Search code examples
pythonmultithreadingparallel-processingfile-handlingmemory-efficient

How to process a massive file in parallel in Python while maintaining order and optimizing memory usage?


I'm working on a Python project where I need to process a very large file (e.g., a multi-gigabyte CSV or log file) in parallel to speed up processing. However, I have three specific requirements that make this task challenging:

Order Preservation: The output must strictly maintain the same line order as the input file. Memory Efficiency: The solution must avoid loading the entire file into memory (e.g., by reading it line-by-line or in chunks). Concurrency: The processing should leverage parallelism to handle CPU-intensive tasks efficiently. My Current Approach I used concurrent.futures.ThreadPoolExecutor to parallelize the processing, but I encountered the following issues:

While executor.map produces results in the correct order, it seems inefficient because tasks must wait for earlier ones to complete even if later tasks finish earlier. Reading the entire file using file.readlines() consumes too much memory, especially for multi-gigabyte files. Here’s an example of what I tried:

import concurrent.futures

def process_line(line):
    # Simulate a CPU-bound operation
    return line.upper()

with open("large_file.txt", "r") as infile:
    lines = infile.readlines()

with concurrent.futures.ThreadPoolExecutor() as executor:
    results = list(executor.map(process_line, lines))

with open("output.txt", "w") as outfile:
    outfile.writelines(results)

While this code works for small files, it fails for larger ones due to memory constraints and potential inefficiencies in thread usage.

Desired Solution I’m looking for a solution that:

  • Processes lines in parallel to leverage multiple CPU cores or threads.
  • Ensures that output lines are written in the same order as the input file.
  • Reads and processes the file in a memory-efficient way (e.g., streaming or chunk-based processing).

Additionally, I would like to understand:

  • Whether ThreadPoolExecutor or ProcessPoolExecutor is more appropriate for this scenario, considering the potential CPU-bound nature of the tasks.

  • Best practices for buffering and writing results to an output file without consuming too much memory.

Key Challenges*

  • How can I assign unique identifiers to each line (or chunk) to maintain order without introducing significant overhead?

  • Are there existing libraries or design patterns in Python that simplify this kind of parallel processing for large files?
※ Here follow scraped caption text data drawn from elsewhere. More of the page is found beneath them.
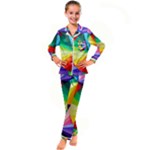 bring colors to your day Kids  Satin Long Sleeve Pajamas Set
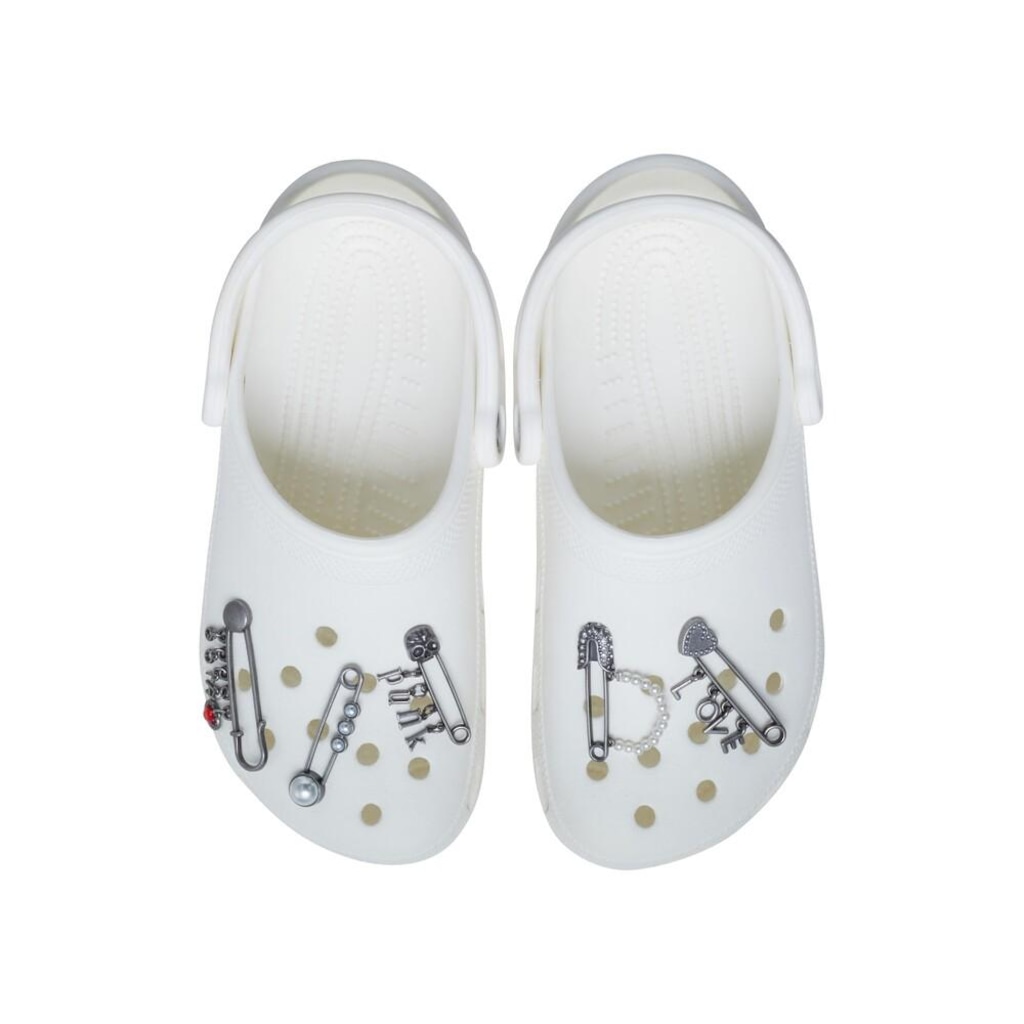 Imagem 2 do produto Kit Jibbitz™ Crocs Love Punk Goth Pin Pack com 5 Peças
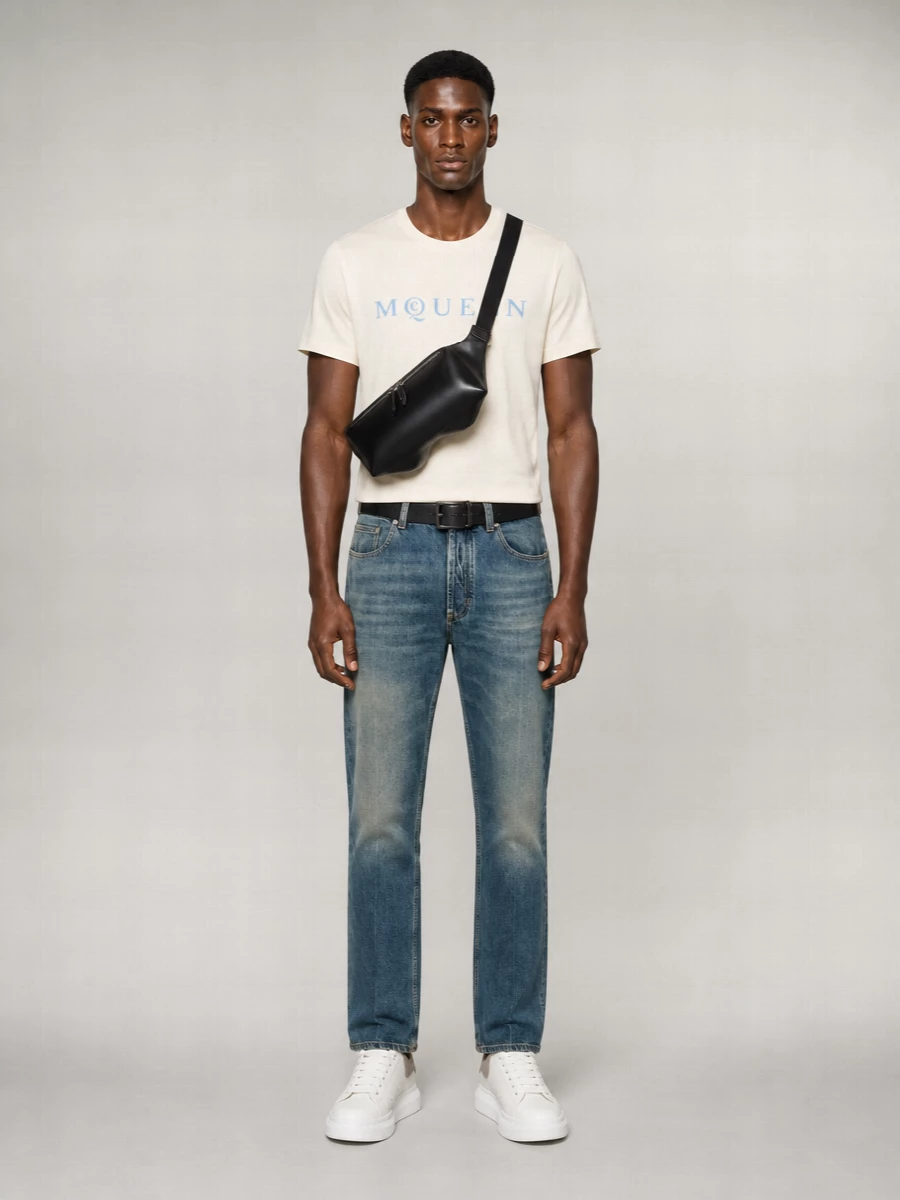 Alexander Mcqueen Leather Oversized Low-Top Sneakers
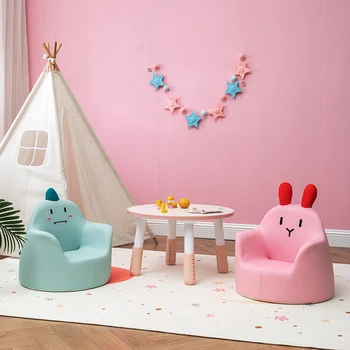 Корейската версия на детска мека мебел-столове детско столче момчетата и момичетата ще се учат да седне за малко на дивана сладък семеен бизнес мързелив карикатура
Any insights, examples, or best practices to tackle this problem would be greatly appreciated!


Solution

  • No one can really answer whether using ThreadPoolExecutor or ProcessPoolExecutor will be faster without knowing exactly what each task does. you need to try both and Benchmark the time taken by each to find which is better.

    this code can help you figure that out yourself, it is based on this answer, but it uses a queue to limit the lines being read, so you don't risk having the entire file in memory if the processing is slow. also writing to the output file is done by its own thread, reading and writing to files (IO) releases the GIL, so they can both happen in parallel.
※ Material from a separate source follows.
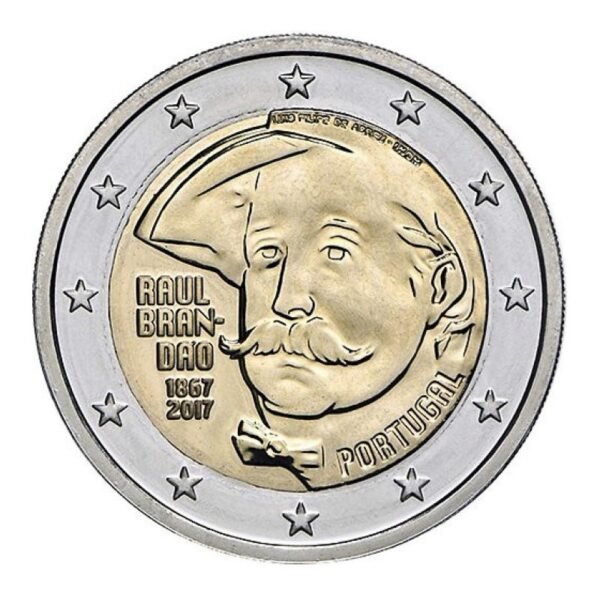 Portugalija 2017 2 euro proginė moneta - Raul Brandao gimimo 150-metis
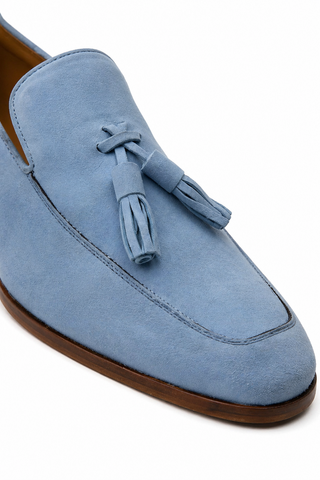 Ambrogio Suede Tassels Loafers (AMZ1002)-AmbrogioShoes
    import concurrent.futures
    import os
    import queue
    import threading
    from io import IOBase
    import time
    from typing import Optional
    
    def process_line(line: str):
        # Simulate some CPU-bound work on the line
        for i in range(int(1e6)):
            pass
        return line.upper()
    
    def writer_task(out_file: IOBase, writer_queue: queue.Queue):
        while True:
            fut: Optional[concurrent.futures.Future] = writer_queue.get()
            if fut is None:
                break
            line = fut.result()
            out_file.write(line)
            print("line written")
    
    # Wrap main script behavior in main function
    def main():
        t1 = time.time()
        with open("large_file.txt") as infile, open("output.txt", "w") as outfile:
            with concurrent.futures.ThreadPoolExecutor() as executor:
                writer_queue = queue.Queue(maxsize=os.cpu_count() * 2 + 10)
                writer = threading.Thread(target=writer_task, args=(outfile, writer_queue), daemon=True)
                writer.start()
                for line in infile:
                    print("line read")
                    writer_queue.put(executor.submit(process_line, line))
                writer_queue.put(None)  # signal file end
                writer.join()
        t2 = time.time()
        print(f"time taken = {t2-t1}")
    
    # Invoke main function only when run as script, not when imported or invoked
    # as part of spawn-based multiprocessing
    if __name__ == '__main__':
        main()
    

    you can easily swap ThreadPoolExecutor for ProcessPoolExecutor and Measure which one is better. you might want to delete the print("line written") and its counterpart as they are only for illustrative purpose.

    for something as small as just line.upper, then just processing it on the main thread will be faster than either option.

    FYI: don't use this code in production, if an exception happens in the writer then your app will be stuck forever, you need to catch whatever fut.result() could throw.